§ **Data for the task**
▶

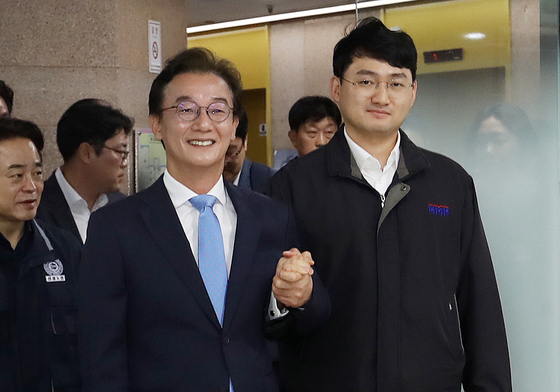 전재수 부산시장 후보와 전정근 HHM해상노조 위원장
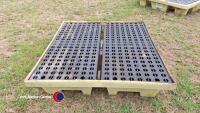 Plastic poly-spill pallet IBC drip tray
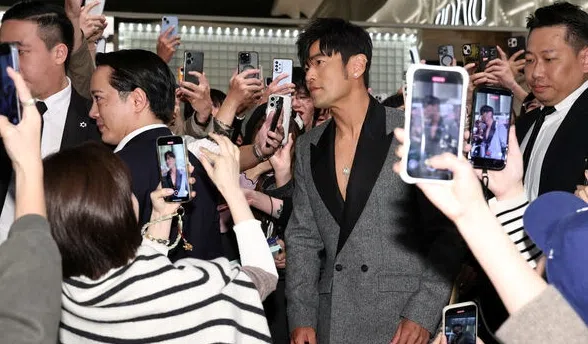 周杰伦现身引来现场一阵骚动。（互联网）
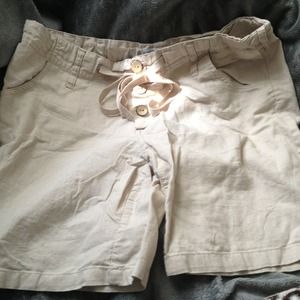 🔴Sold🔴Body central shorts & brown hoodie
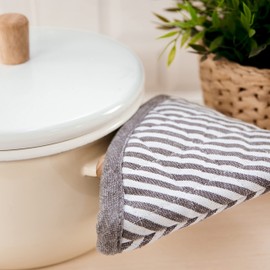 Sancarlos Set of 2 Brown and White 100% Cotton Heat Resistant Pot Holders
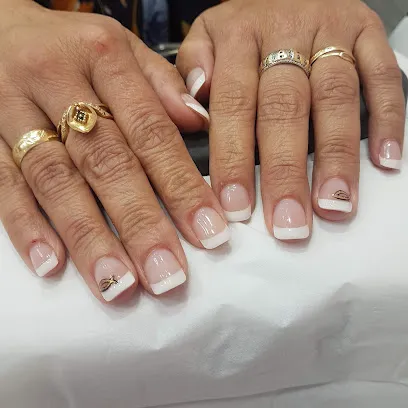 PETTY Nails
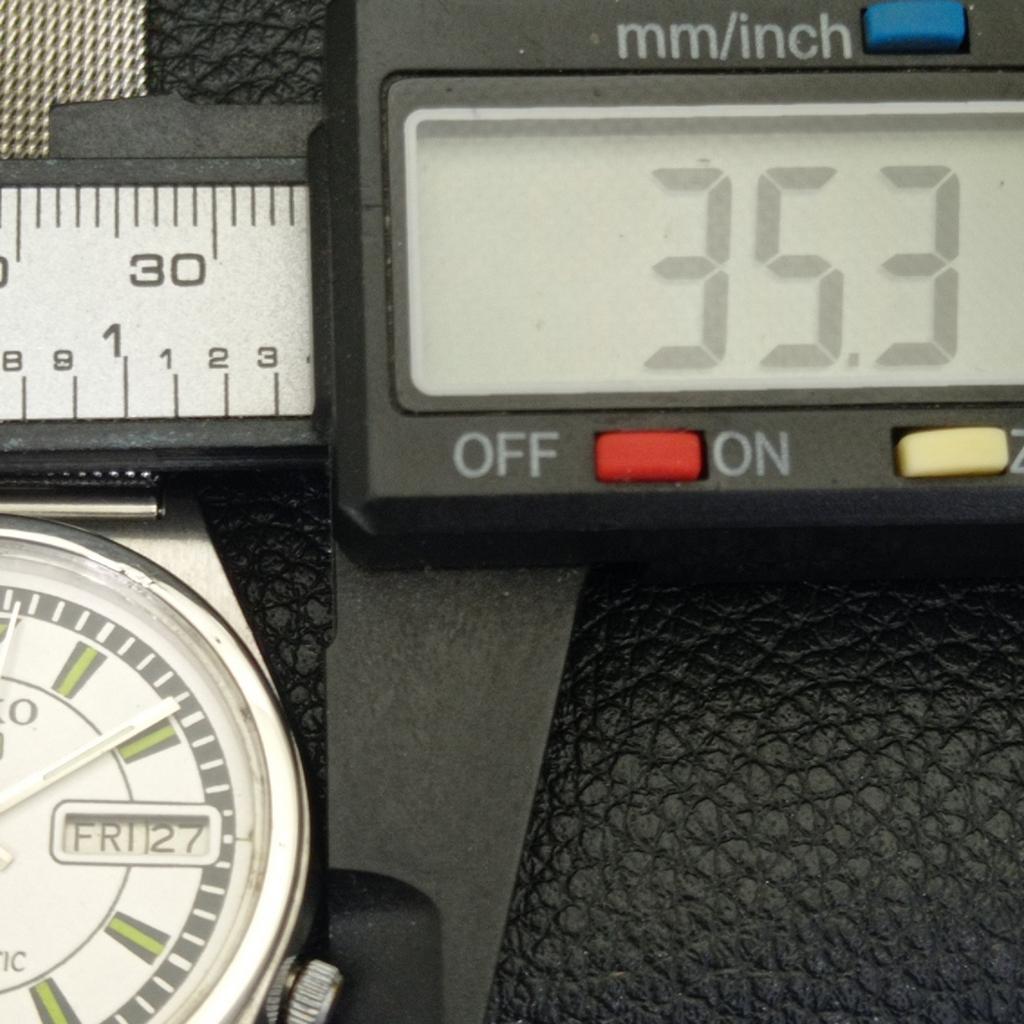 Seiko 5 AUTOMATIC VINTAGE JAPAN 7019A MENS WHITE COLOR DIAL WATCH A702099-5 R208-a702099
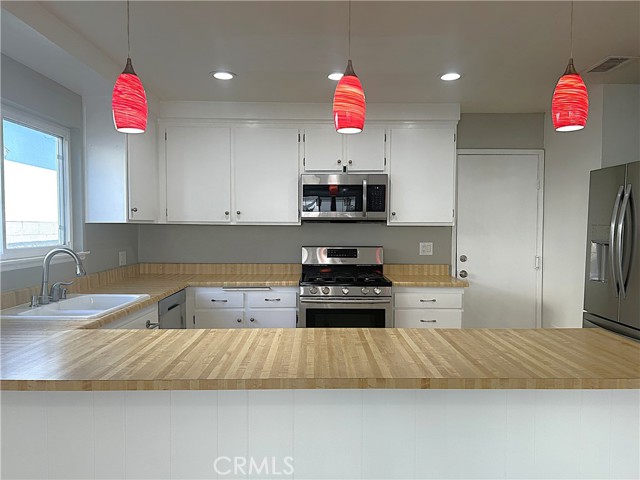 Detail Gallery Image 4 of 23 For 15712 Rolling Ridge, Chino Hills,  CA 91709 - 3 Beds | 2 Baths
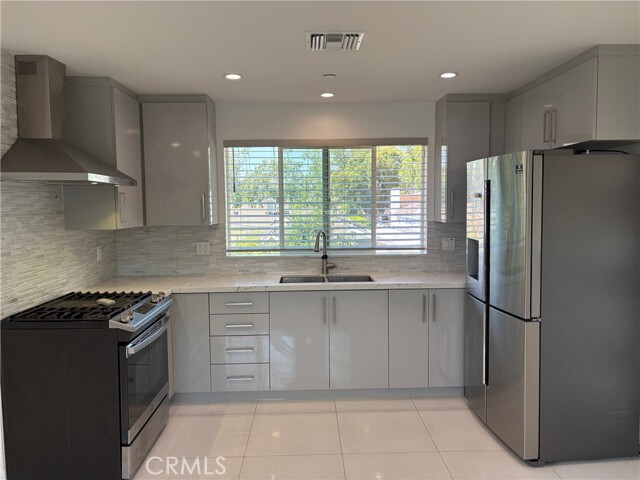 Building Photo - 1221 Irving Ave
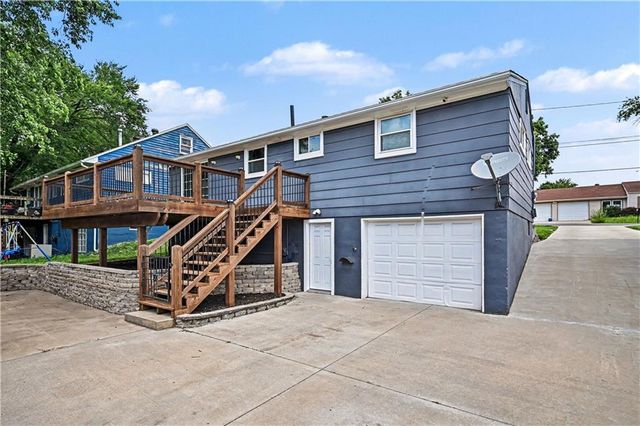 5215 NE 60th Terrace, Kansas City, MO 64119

◀
▶

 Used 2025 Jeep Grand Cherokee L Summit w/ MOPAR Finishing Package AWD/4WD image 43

◀

Everything above from the line with "shorts & brown hoodie" through the line with "5215 NE 60th Terrace, Kansas City, MO 64119" should be retyped exactly, and nothing else; omit pictures.

 🔴Sold🔴Body central shorts & brown hoodie
 Sancarlos Set of 2 Brown and White 100% Cotton Heat Resistant Pot Holders
 PETTY Nails
 Seiko 5 AUTOMATIC VINTAGE JAPAN 7019A MENS WHITE COLOR DIAL WATCH A702099-5 R208-a702099
 Detail Gallery Image 4 of 23 For 15712 Rolling Ridge, Chino Hills,  CA 91709 - 3 Beds | 2 Baths
 Building Photo - 1221 Irving Ave
 5215 NE 60th Terrace, Kansas City, MO 64119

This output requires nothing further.